# Can't get this white stuff off brick wall - what is it??



## sadegs (Feb 20, 2009)

Hello All,

This building is from around 1900. The brick (wall) has a white haze on it. Up close, it looks almost like a fungus, but, i don't think it is. 

So far i've tried (in small test spots)
-Acid
-prosoco White scum remover

neither have worked! does anyone know what this is and how to get it off??

attached are some pictures (up close and from a distance)

thanks!


----------



## Tscarborough (Feb 25, 2006)

Is it hard or soft?


----------



## The Coastal Craftsman (Jun 29, 2009)

Looks like salt but I don't think I ever seen it on bricks that age. Normally I see it on new builds pretty often.


----------



## greg24k (May 19, 2007)

It looks like Efflorescence, which is common in concrete and masonry. 

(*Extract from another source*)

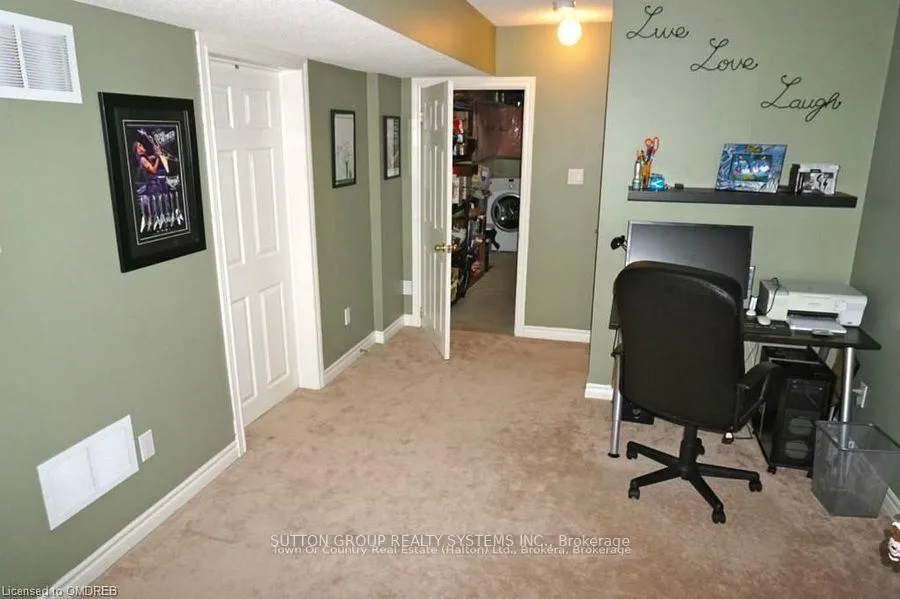 Photo 5 of 325 Hobbs Crescent, Milton, Clarke — HOMEH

The brick can be washed with a cleaner and the problem with the block, it looks like efflorescence crystals developed inside the block surface which could cause spalling and that is what it looks like in the image, the surface flakes and peels... 
What happens there is the salt pushes the stuff out from inside out and over time could cause deterioration.

They got a few cleaners on the market to wash this off. wash the brick and block,

I know some guys been using  EF Paver wash made By SRW  with great success, but I would test it on the brick first.


----------



## bdonahue (Sep 11, 2012)

*Soda Blast IT!*

Soda Blasting is softer than sand blasting. See it on you tube. You can rent one for a day. It is ecologically safe, and inexpensive.

Anyone can do it. Sunbelt rentals or similar has them with media for sale.


----------



## dom-mas (Nov 26, 2011)

I don't think that's efflorescence, maybe but it doesn't look like it to me. Especially if it doesn't wash off easily. To me it looks like lime or maybe white portland that has bled out of the joints (probably from a fairly recent repoint that had chunky lime or cement added to the mix rather than discarded) 

Very aggresive acid can clean it but will do a lot of damage to the brick. I haven't had any luck with power washing.


----------



## superseal (Feb 4, 2009)

Maybe somebody applied the wrong sealer and trapped moisture - it's not run off from siding above is it? Gable wall?


----------



## fjn (Aug 17, 2011)

*Sealer*



superseal said:


> Maybe somebody applied the wrong sealer and trapped moisture - it's not run off from siding above is it? Gable wall?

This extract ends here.